Mary Kom and Kim Clijsters are stalwarts in the sport of boxing and tennis respectively. And one common feature in both their careers has been the success they have achieved after attaining motherhood.

Clijsters won the 2009 US Open after giving birth to her daughter Jada in 2008. She went on to win two more major titles (US Open in 2010/Australian Open in 2011) before retiring in 2012. Mary Kom had twins in 2007 and then gave birth to their third son in 2013. She went on to win gold at 2014 Asian Games and at the recently concluded Commonwealth Games, she struck gold yet again.

The latest entrant is Serena Williams who is eyeing to improve on her record haul of Grand Slams at the French Open, making her comeback to a Major after becoming a mother last year.

Taking inspiration from this fact are India women rugby players Sangeeta Bera and Subhalaxmi Barik.

The duo are part of the Indian women’s squad as the team make their international debut in rugby’s traditional 15-player format at the Asian Championship, Division 1 along with fellow-debutants Philippines and Singapore in June. India will face-off against hosts Singapore in the opening game, then the Philippines on June 5.

Sangeeta, 35, is the oldest member in the squad and is going to play her first international game after a gap of three years. Subhalaxmi, 28, is also taking to the field after a gap of two years.

“If anything, motherhood has made us stronger,” said Sangeeta to The Field.

The challenges 

Sangeeta, who is also a 100-metre dash specialist and works for the Kolkata police force, played her last rugby game in 2015. She then gave birth to a boy in 2015 after which she had to stay away from sports for a period of two years.

Such was her obsession that even though the doctors suggested a cesarean delivery, she stressed on normal delivery. “I told him that I want to play in future and hence a normal delivery is a must. A cesarean creates a problem,” said Sangeeta.

However, the challenge was getting back to their physical best.

“It is a real struggle to return to competitive sport after becoming a mother. The child has to breastfed and plus taking care of a child and its needs is difficult. You don’t get proper sleep. Plus your body puts on a lot of fat as well,” said Subhalaxmi, a forest officer for Odisha forest department.

The comeback 

Once things settled down, then they began working on their fitness. The truth is, it was easier said than done. They had to manage a home and a job as well. “I get up at 4 am and cook food for the family and also do other household chores. I leave the house by 5 am so that I reach the ground by 6 am. I then would train till 9 and then head to work,” said Sangeeta.
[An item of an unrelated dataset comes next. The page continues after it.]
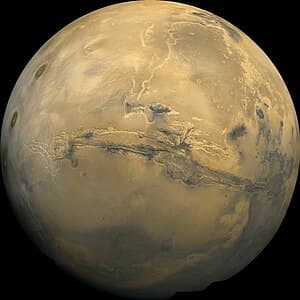 Mosaic image of Mars as seen by Viking 1, 22 F...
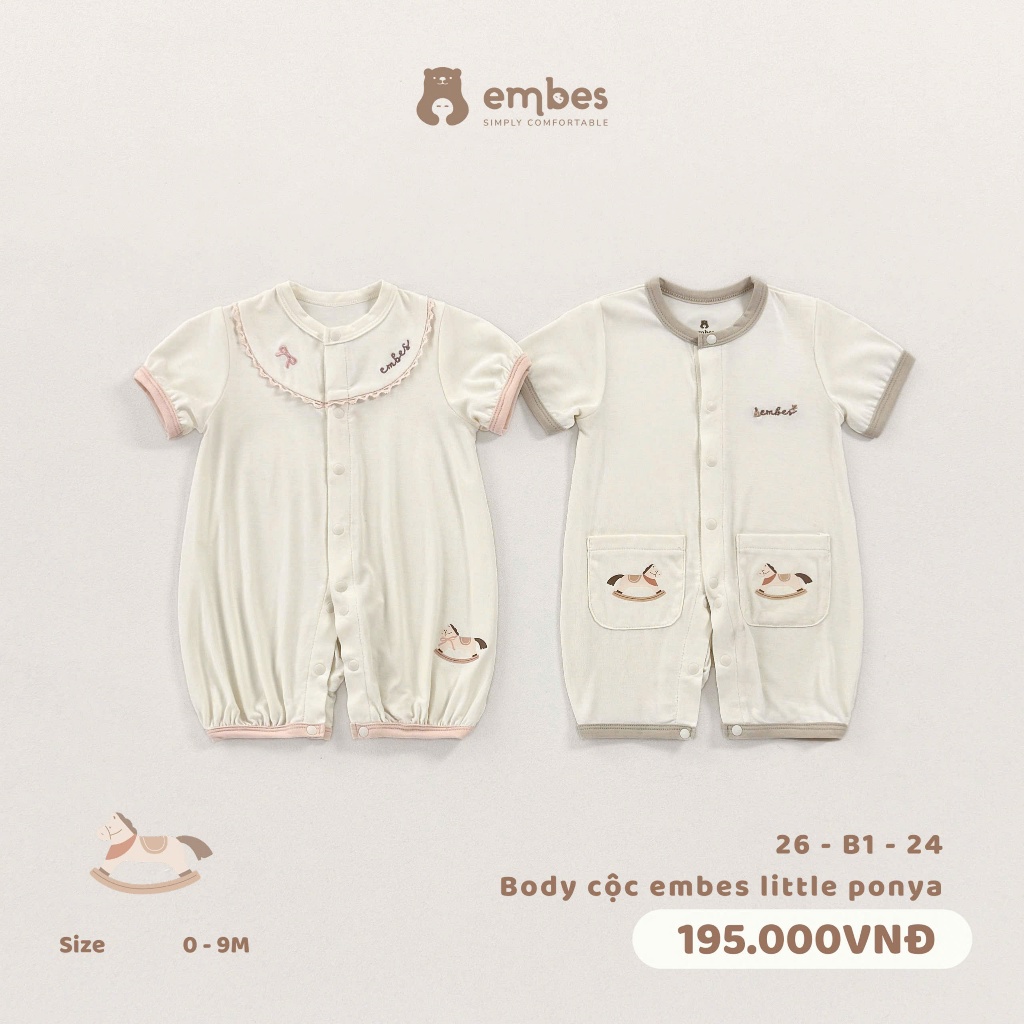 Embes Body Cộc Embes Little Pony, Body Cộc Tay Cài Thẳng In Họa Tiết ...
Subhalaxmi follows a similar schedule as well. “It is difficult because time is also less. Before the baby I used to train three or four times a day but now I train only once that too in the morning,” she said.

However, they owe it to their family members who support their dream of representing India. “They know that representing the country is a big thing so they have supported us throughout,” said Sangeeta.

Subhalaxmi also trained with her brother Shakti Ranjan Barik who is a power lifter and recently bagged gold for India at Commonwealth Powerlifting and Benchpress Championship in South Africa. “He used to give me throw downs and helped me a lot to get rid of the fat,” she said.

They focused on shedding the extra fat and increasing their stamina. “Running is all that we did. Once we lost weight we began our rugby training,” said Sangeeta.

The return 

Another aspect that worked in their favour was their respective jobs. Sangeeta is a sub-inspector in the Kolkata police force. “I work in the detective department. We conduct a lot of raids plus we investigate a lot of murder cases and robbery cases as well. Mentally and physically we have to be very strong so that also helped in regaining my fitness,” she said.

Subhalaxmi works as a forest officer in Odisha, Chandrakar region. “We mostly catch poachers and sandalwood robbers. It is complete field duty so that helps in keeping fit. Sometimes we also get into physical fights with robbers, so I use my rugby techniques to take them out,” she said with a smile.

Sangeeta returned to competitive sport last year when she participated in the 2017 Police Meet in Kolkata. She finished sixth in 100-metre sprint. Subhalaxmi is eager to get on the pitch and prove her calibre. She was selected for the Indian squad after he impressive showing at the zonal events.

“These girls have amazed me. They used to cry looking at the pictures of their children before or after training. Despite the competition in the side, they have been outstanding. They have worked really hard,” said coach Naseer Hussain.

The country’s women’s outfit has already taken part in the rugby 7s and are now eager to test their skills in the tri-nation longer format tournament. Every member in the squad is a trailblazer in their own right, but for Sangeeta and Subhalaxmi, it’s more than just being a part of this team. It’s about proving women athletes, not just in mainstream sport, can achieve their dreams post-motherhood.